Estaba tomando el camino largo, rodeando la bestia, cuidadoso y casi sin respirar.

—No me interesa conocer por qué tu madre cree que es un problema dormir sentado —escupió, interrumpiendo el orden de pensamientos en el mayor—. Puedes decirle de mi parte que mi cuello está en tan perfectas condiciones que soy capaz de voltearlo en trescientos sesenta grados.

—Sí... estoy seguro de lo interesadísima que estará después de contárselo. Quizás hasta lo comente en sus reuniones semanales que tiene en casa, ya sabes. Todas las señoras ese día hablan acerca de los horribles males en el cuer-

—Luces hermoso —consiguió decir y olvidar reuniones en la tarde de señoras que detestaba—. Me quedé en blanco los primeros minutos, y luego empezaste a meter a tu madre en nosotros y sentí que lo arruiné todo. Lo lamento.

Taeyong pareció considerar los tonos rojos en su piel, porque lentos y maliciosos jugaron un papel adorable, y Yoonoh estuvo orgulloso. Hace tanto que no lograba tener un momento real. Era bondadoso con su alma, y ella con él, hasta ese día, que revoloteó ansiosa igual que su corazón.

—Eres precioso siempre que estoy contigo, Jaehyun —murmuró, mirándolo—. No me gustaría perder esa imagen tuya.

—No pasará— frunció el ceño Yoonoh, confundido, pero fresco—, ¿por qué lo harías?

Voces amargas susurraron en su mente, y, tan pronto como las escuchó, el atuendo especial cobró sentido en un milisegundo, ensombreciendo el metro cuadrado que ocupaban en la sala de visitas. Yoonoh notó, con los sentidos más agudos, que Taeyong trastabillaba, temblando apenas. El frío del ventilador se adhirió a su cuerpo, congelando sus minutos y azotando sus sentimientos. 

Su condena pareció volver a dictarse, rotunda, inmisericorde.

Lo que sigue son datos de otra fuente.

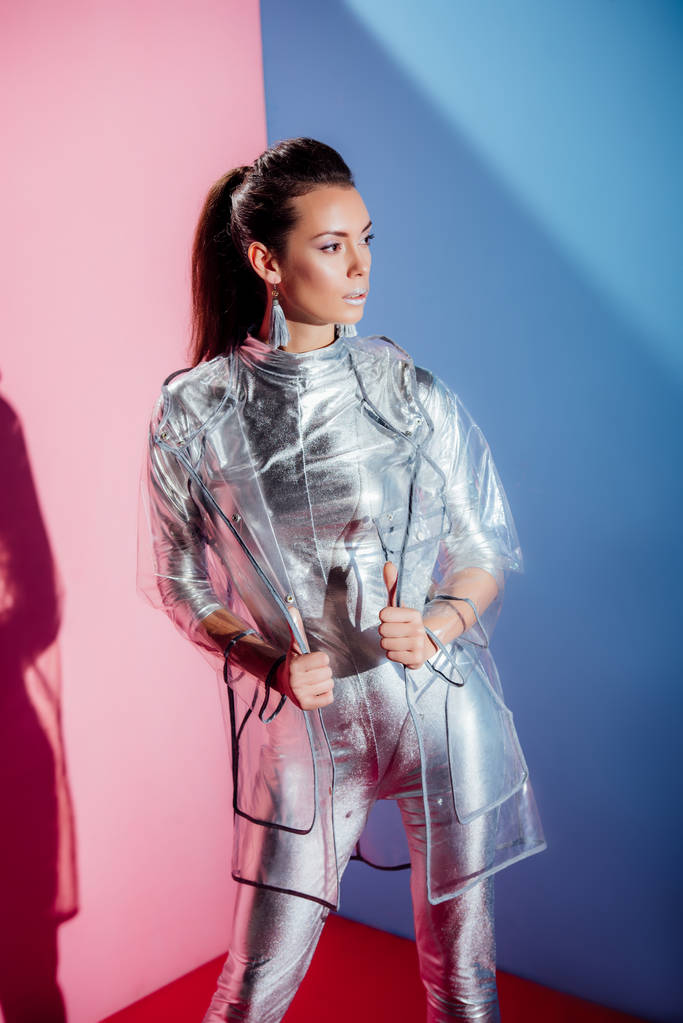beautiful stylish woman posing in silver bodysuit and raincoat on pink and blue background - Photo, Image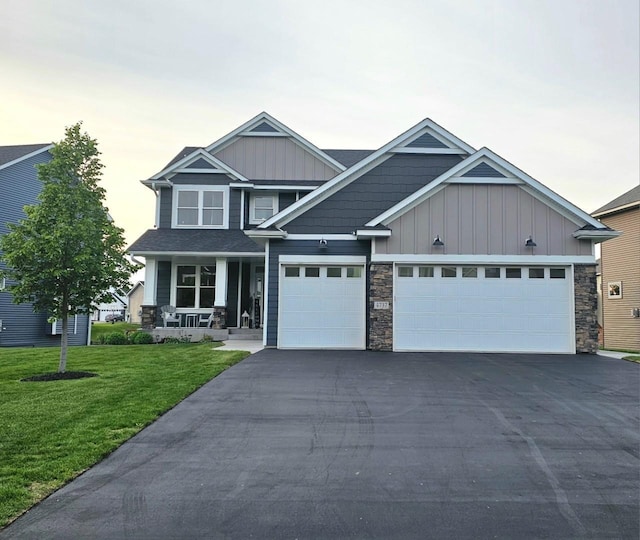 4737 130th Ln NE, Blaine, MN 55449 - craftsman-style home with board and batten siding, driveway, a front yard, stone siding, and a porch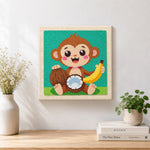 Finished smiling monkey with coconut and banana artwork displayed on a wall
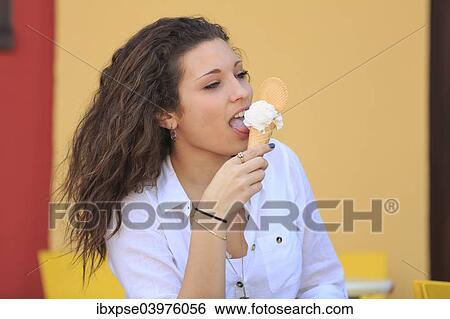 Stock Photograph - "Teenager eating ice cream from a cone on the terrace of an ice cream parlour, Menton, Alpes-Maritimes, Provence-Alpes-Cote d'Azur, France, Europe". Fotosearch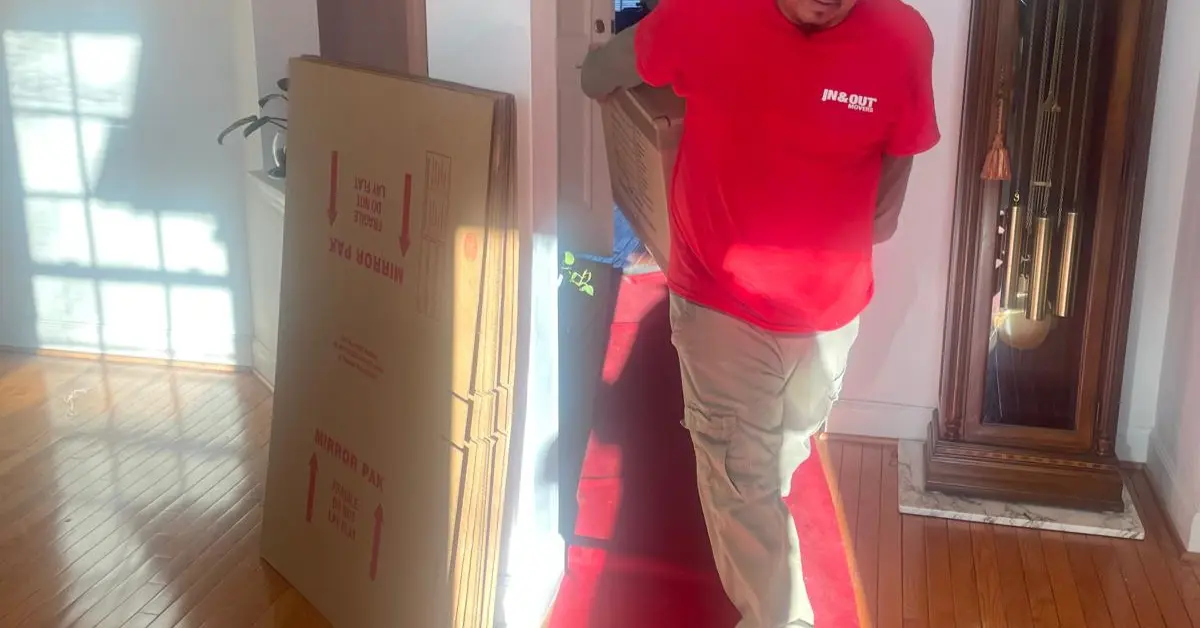 Mover carrying a packed box through a hallway beside stacked cartons during a home move with partial packing.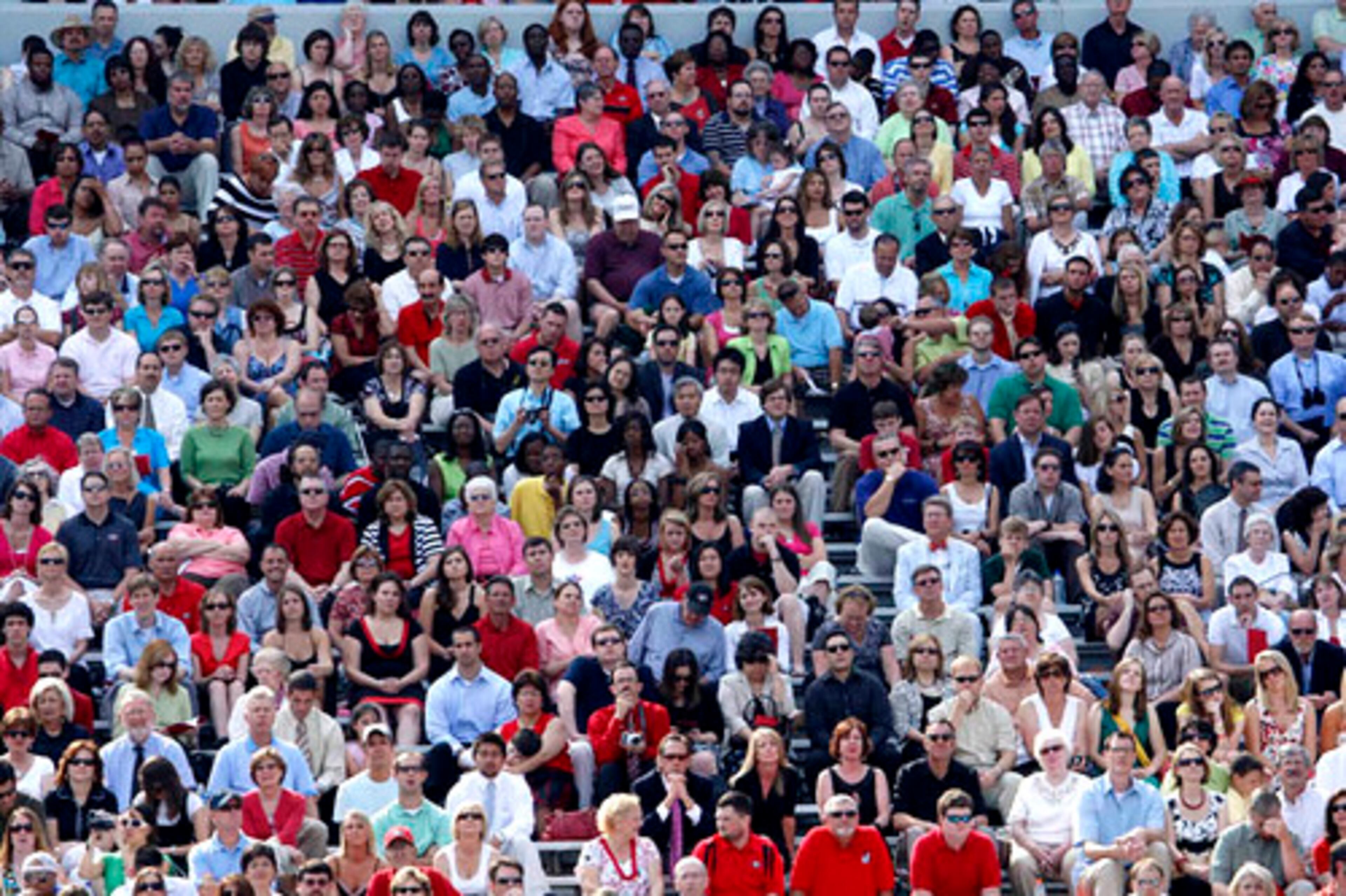 Parents and friends sit in the stands.
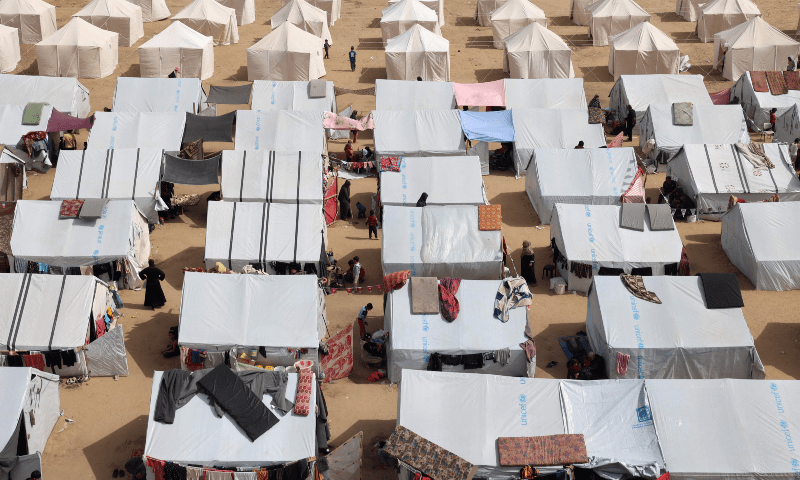  Displaced Palestinians stand outside tents at a makeshift camp in Rafah in the southern Gaza Strip on March 27. &mdash; AFP 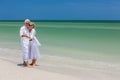 Happy Senior Couple Dancing Holding Hands on A Tropical Beach Royalty Free Stock Photo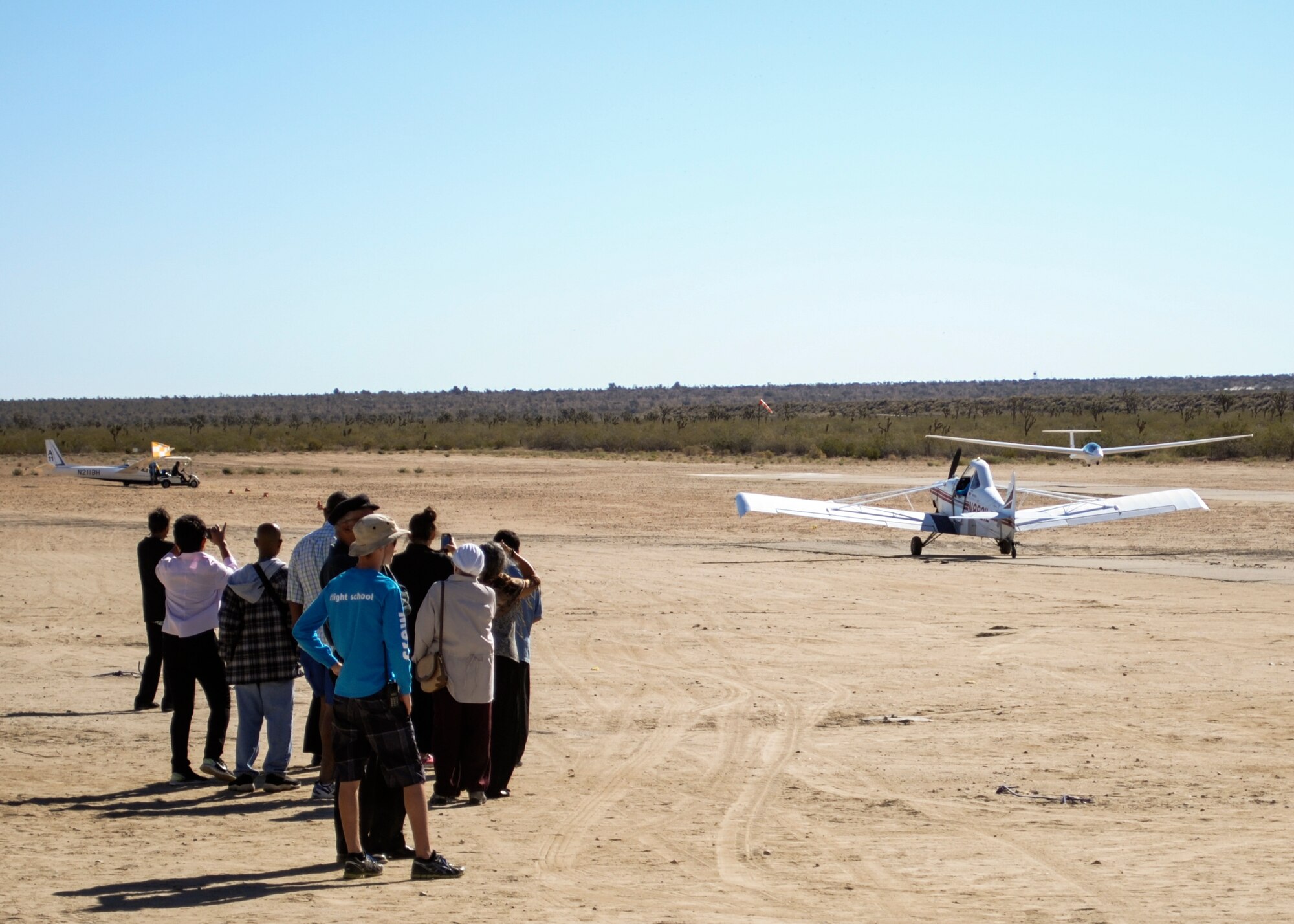 Spectators watch as a glider plane comes in for a landing after a Sunday morning ride at Crystal Airport, which is a private-use airport located six miles south of Pearblossom, California. (U.S. Air Force photo by Rebecca Amber) 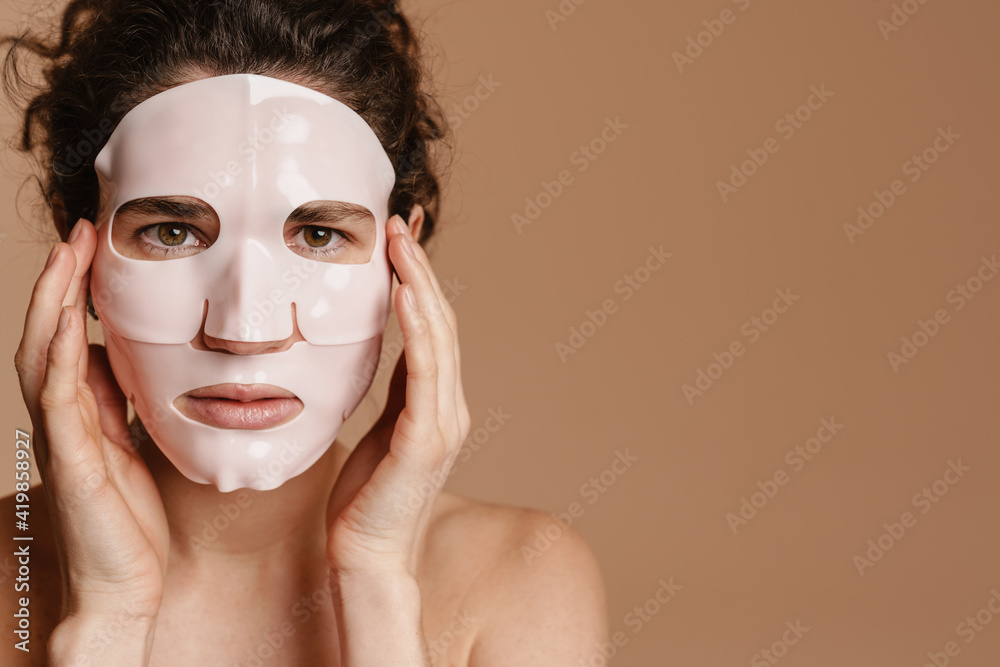 Half-naked woman looking at camera while posing in facial mask Half-naked woman looking at camera while posing in facial mask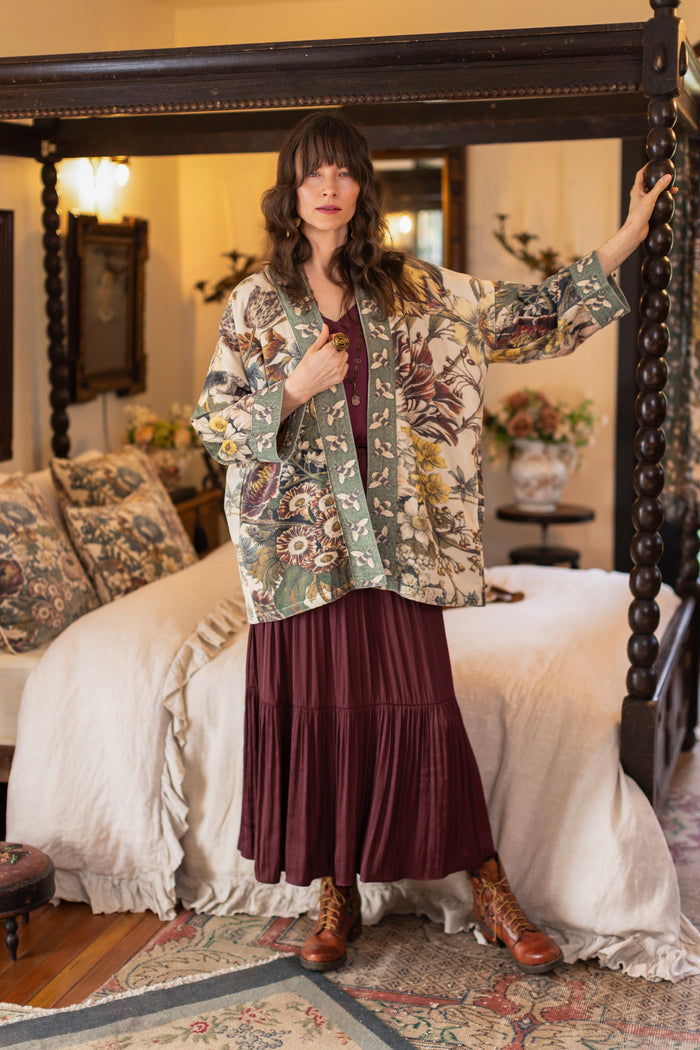 Model wearing a soft cotton velvet duster featuring lush 1700s botanical blooms and bumblebee trim - Market of Stars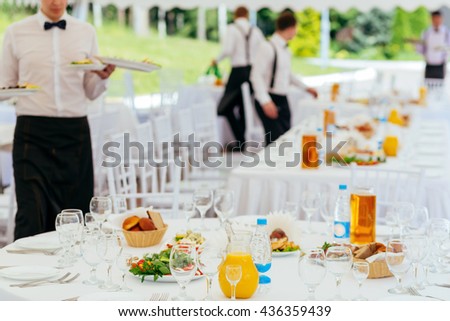 Waiters in uniform served tables for a banquet Royalty-Free Stock Photo #436359439
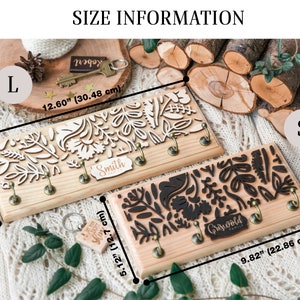 May include: Two wooden key holders with a floral design. The larger key holder is 12.60 inches by 5.12 inches and the smaller key holder is 9.82 inches by 5.12 inches. The larger key holder has the name "Smith" on it and the smaller key holder has the name "Griswold Family" on it.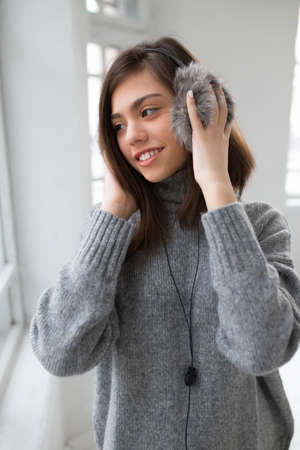 Teen girl with fluffy headphones listen music in white roomの写真素材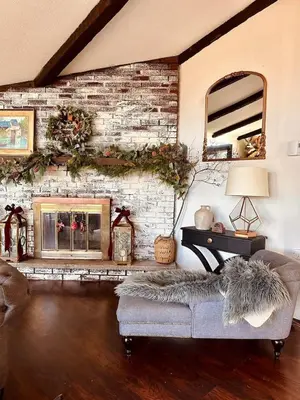 a living room with a brick wall with a fireplace at Majestic Lake Front Chalet in Tobyhanna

—Dime, por favor, a qué has venido.

—A verte.

Yoonoh se rio de lo espontáneo que fue. Breve, conciso y ya se asemejaba a sus horas sumido en la penumbra de aquella noche. Las esposas se hicieron más pequeñas y le faltó la respiración en cuanto trató de abrazar, sobre la mesa, las manos sueltas del moreno, que escaparon al instante.

—¿Por qué me estás mintiendo, Taeyong?

Los cabellos marrones caían desesperados sobre el rostro bonito, pero escandalizado, como si quisieran huir también. Yoonoh estiró su presencia por la extensión de la mesa. No iba a abalanzarse. Sus manos sujetas caían sobre sus piernas, escondidas para no atemorizar. Y Taeyong se mantuvo quieto, sin inmutarse por primera vez en el día, aunque sus ojos lloraban por el acercamiento. Lo sabía.